Task objective ▸ Your task is to repeat exactly the lines from the one with "Rotterdam 19 september 2004" through the end of the records, both included; please leave the pictures out.

Dataset entries ▸
* * * * *

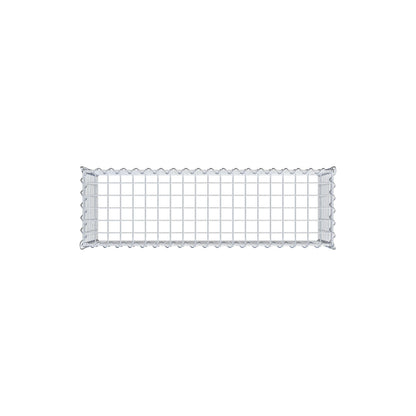 Opvokset gabion type 3 100 cm x 40 cm x 30 cm (L x H x D), maskestørrelse 5 cm x 5 cm, spiral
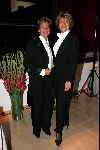 Rotterdam 19 september 2004
Premiere Crazy for You in het nieuwe Luxor.
Simone Kleinsma en Janine v d Ende in rokkostuum
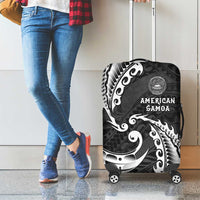 AAPI Heritage Month Luggage Cover American Samoa Polynesian Tribal Wave LT05 - Polynesian Pride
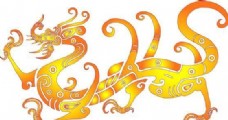 龙纹吉祥图案中国传统图案0078
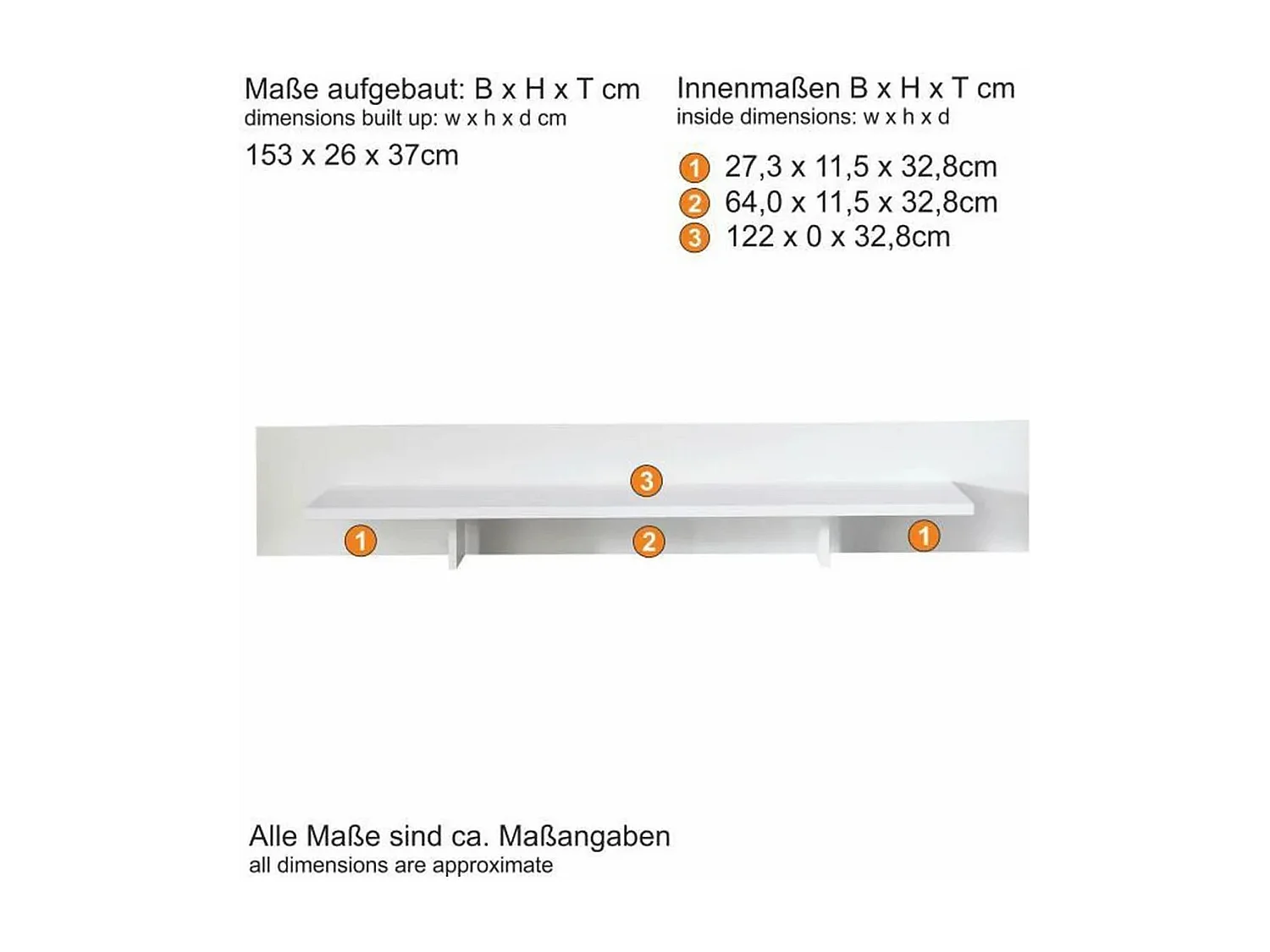 Support TV en bois mélaminé blanc Tako L 153cm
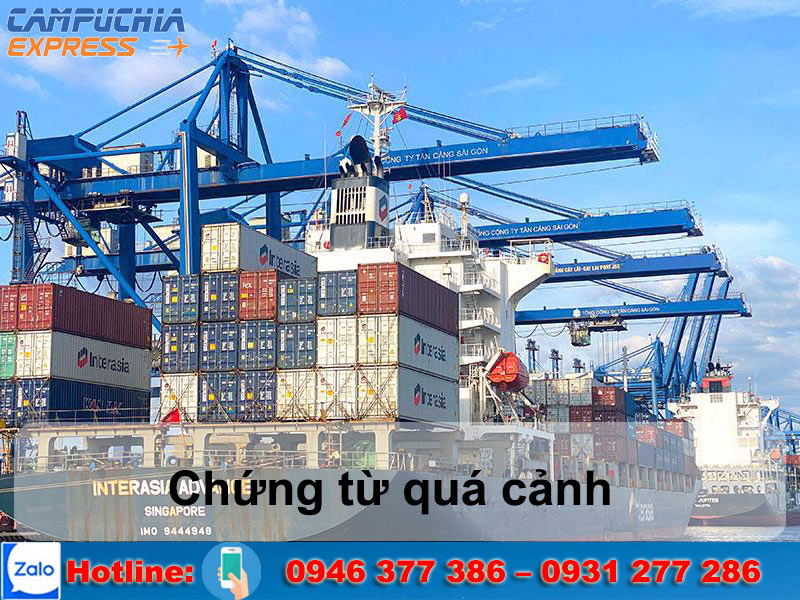 vận chuyển quá cảnh hàng hóa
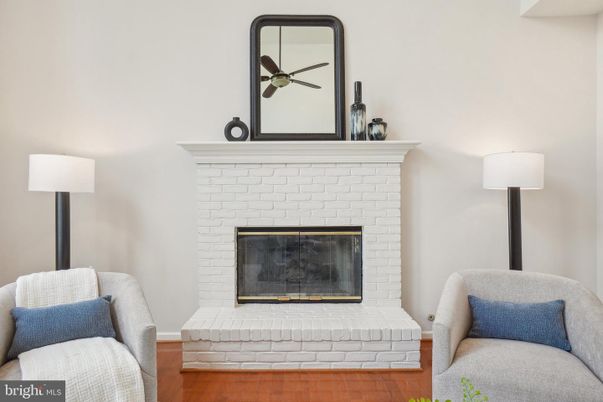 Fireplace, Interior, Wood Texture Flooring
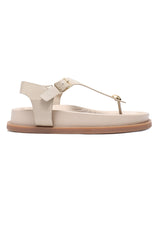 COMFORT GLEAM SANDALS-BEIGE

* * * * *

Written reply ▸
 Rotterdam 19 september 2004
Premiere Crazy for You in het nieuwe Luxor.
Simone Kleinsma en Janine v d Ende in rokkostuum
 AAPI Heritage Month Luggage Cover American Samoa Polynesian Tribal Wave LT05 - Polynesian Pride
 龙纹吉祥图案中国传统图案0078
 Support TV en bois mélaminé blanc Tako L 153cm
 vận chuyển quá cảnh hàng hóa
 Fireplace, Interior, Wood Texture Flooring
 COMFORT GLEAM SANDALS-BEIGE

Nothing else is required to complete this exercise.